Tamarindo’s lifeguard program has been reinstated.

Three lifeguards are now monitoring Tamarindo’s stretch of beach from 7am to 5:30pm. A fourth is to be hired next week.


The previous program, one of the nation’s only active lifeguard programs, was shut down by the Asociaciòn Pro Mejoras de Tamarindo (the Tamarindo Association) last October due to lack of funding.


However, a month after the lifeguards’ dismissal, 42-year-old tourist, Matthew McParland, drowned after being caught in a rip-current off Tamarindo.


According to the Association’s Executive Director Federico Amador, sisters-in-law Cheryl and Ann McKillican breathed new life into the program by door-to-door fundraising.


“It was so close to home for us, we just thought we’ve got to do this,” said Ann McKillican, one of McParland’s friends. “It was sort of a call to action.”

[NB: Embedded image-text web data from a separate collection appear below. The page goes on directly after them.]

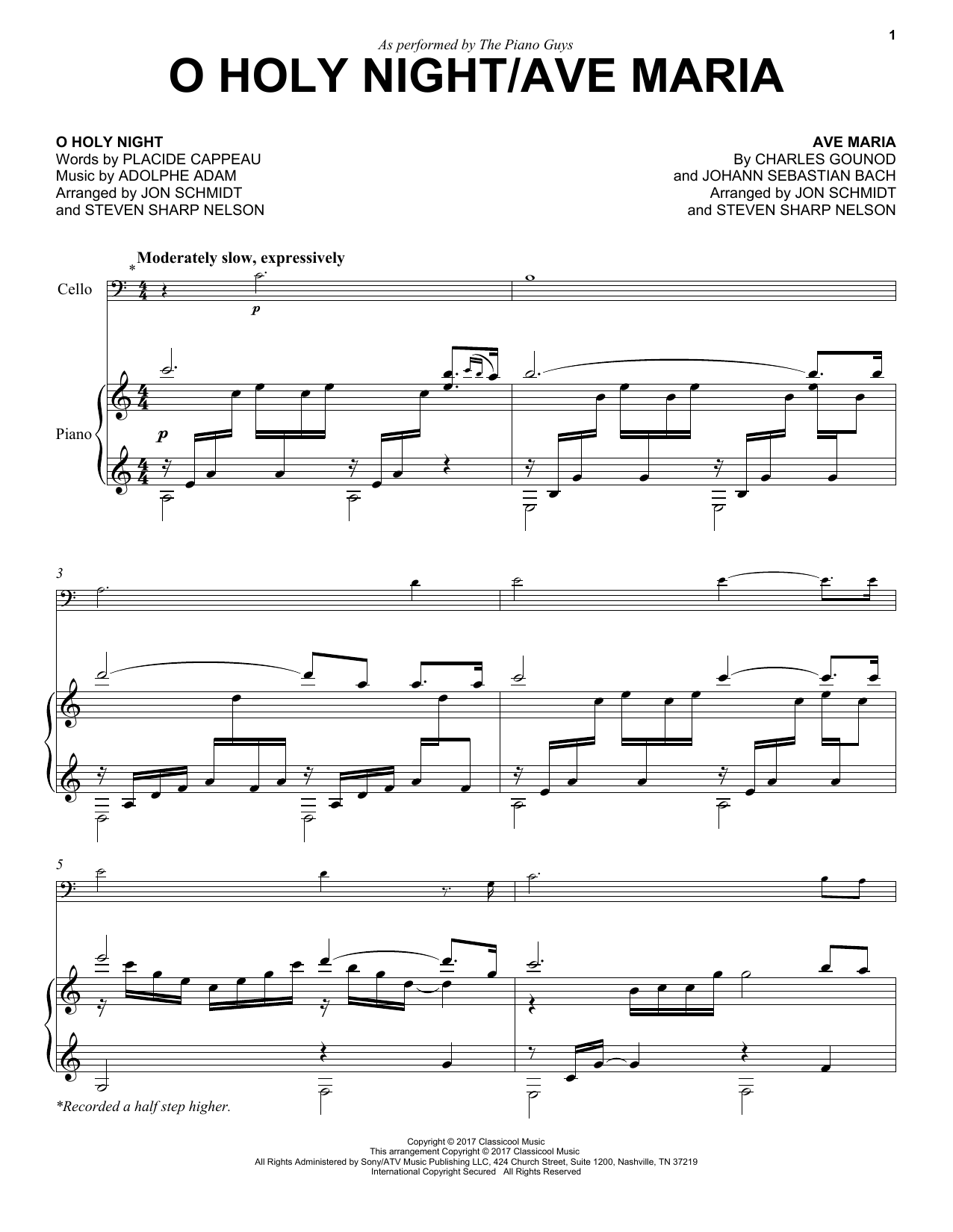 The Piano Guys O Holy Night/Ave Maria sheet music notes and chords arranged for Cello and Piano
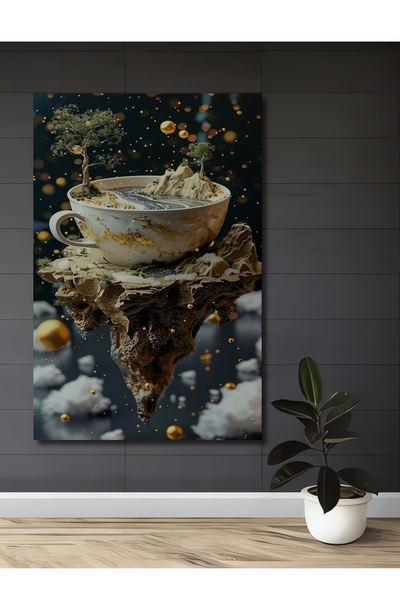 Teona Ahşap Tablou decorativ din lemn cu peisaj fantastic, cu aspect de pictu...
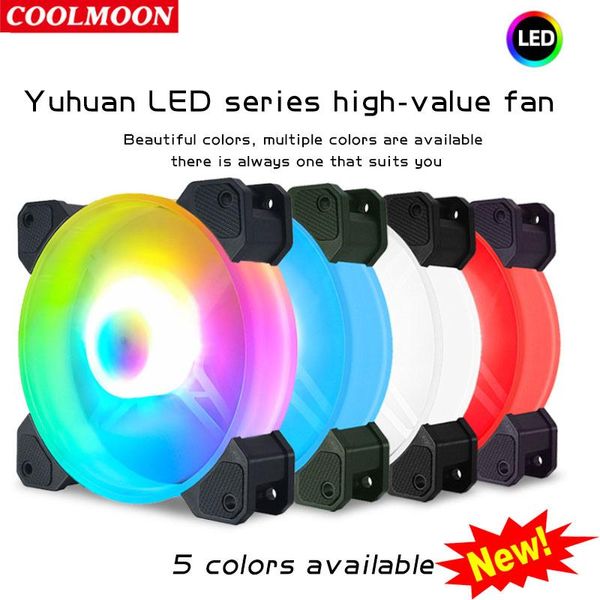 

coolmoon yuhuan overall led light-emitting deskchassis 12cm silent cool transparent frame 5 colors optional cooling fan
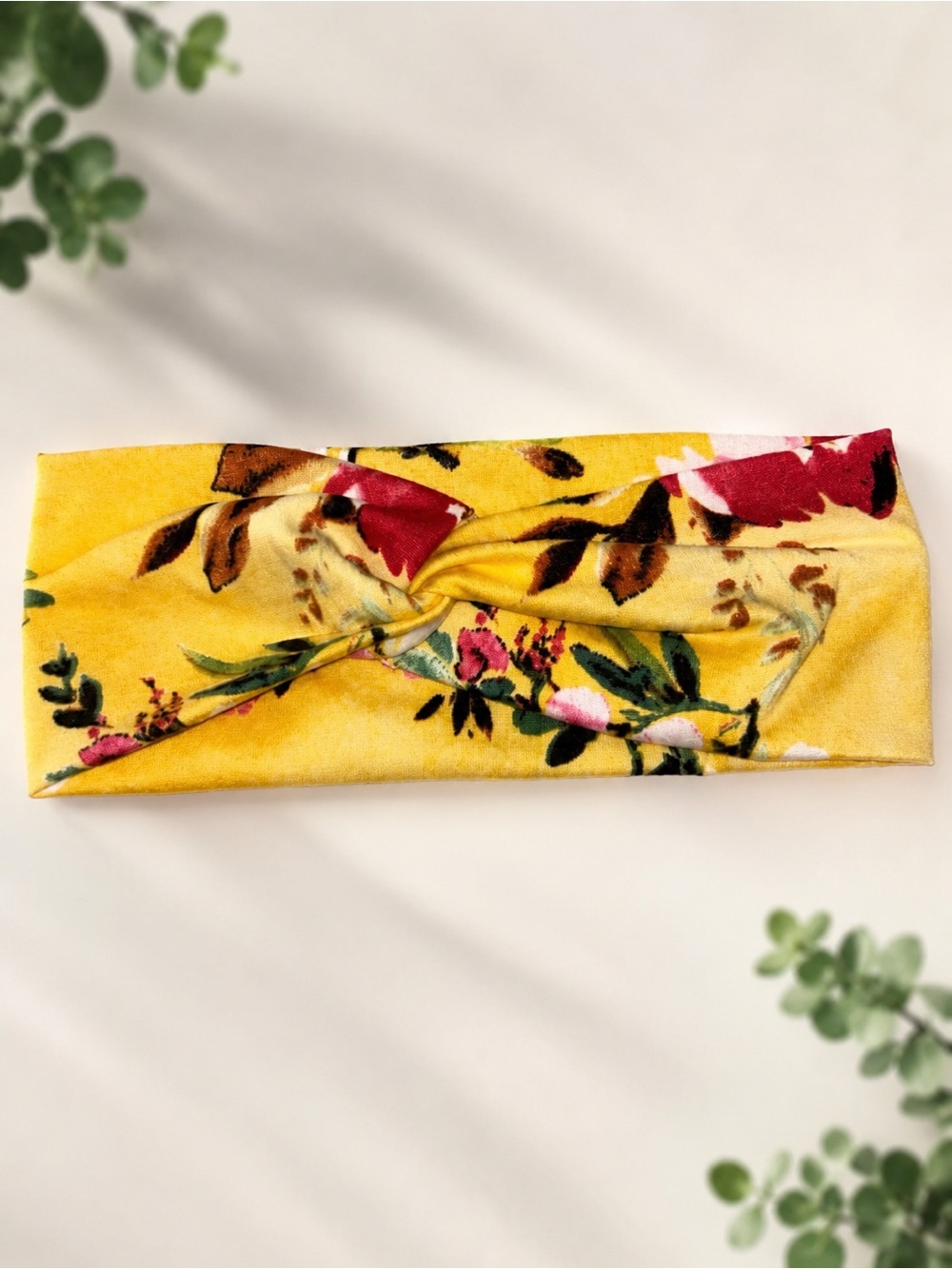Ry-Bandz Yellow Floral Twist Headband Boho Stretch Hair Accessory NJ Made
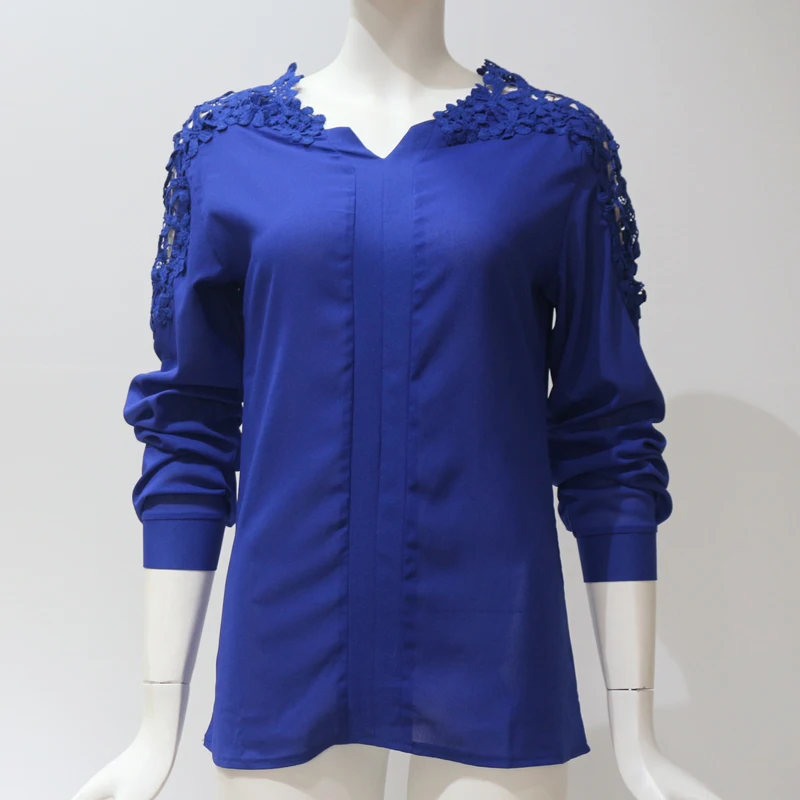 Rogi Осенняя кружевная шифоновая блузка женская с длинным рукавом и v-образным вырезом Повседневная рубашка Топы элегантные офисные женские блузы размера плюс
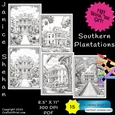15 Southern Plantations, USA, Printable Coloring Pages Sheets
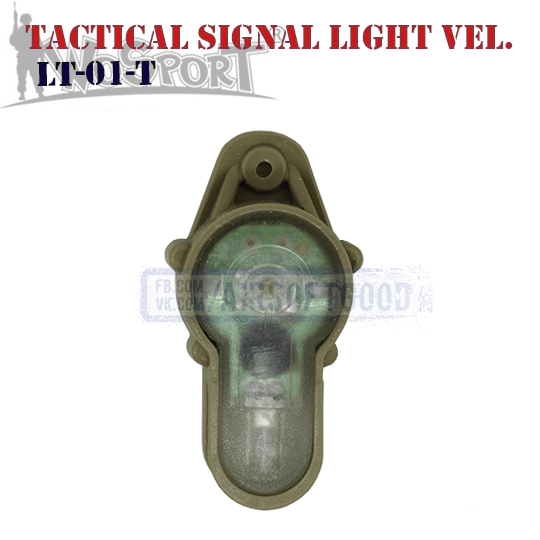 Tactical Signal Light Red Velcro TAN WoSporT LT-01-T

The two women are running the program through the Tamarindo Association, and are currently aiming at a $5000 a month fundraising mark — an amount, says Ms McKillican, which would expand the program by hiring another lifeguard. Currently, 17 sponsors have committed a total of $2800 a month, until the end of the year.

© The Beach Times

The new program has been deemed in memory of McParland, a Chicago chiropractor and father of three.


“Right now we’re not working with Luis Hidalgo (Director of the National Lifeguard Association),” said Mr Amador, who explained their budget was simply out of the scope of the Tamarindo Association’s financial capabilities.


“We know we can’t raise the amount of money he’s asking for, and if we agreed to it [the quote]… we’d run out of money in two or three months.”


The Association had, for three years, paid the salaries of the lifeguards and rented life-saving equipment — such as “duck feet”, or swimming fins, CPR equipment and rescue tubes — from the Asociación Nacional de Guardavidas de Costa Rica (National Lifeguard Association), equipment which is now being donated little by little by the community.


Program organizers say the presence of lifeguards may also help Tamarindo regain the prestigious ecological Blue Flag Award, which the community was stripped of late last year.


“It wasn’t a matter of getting people on board,” says Ms McKillican of fundraising for the program. “It’s a matter of keeping the momentum.”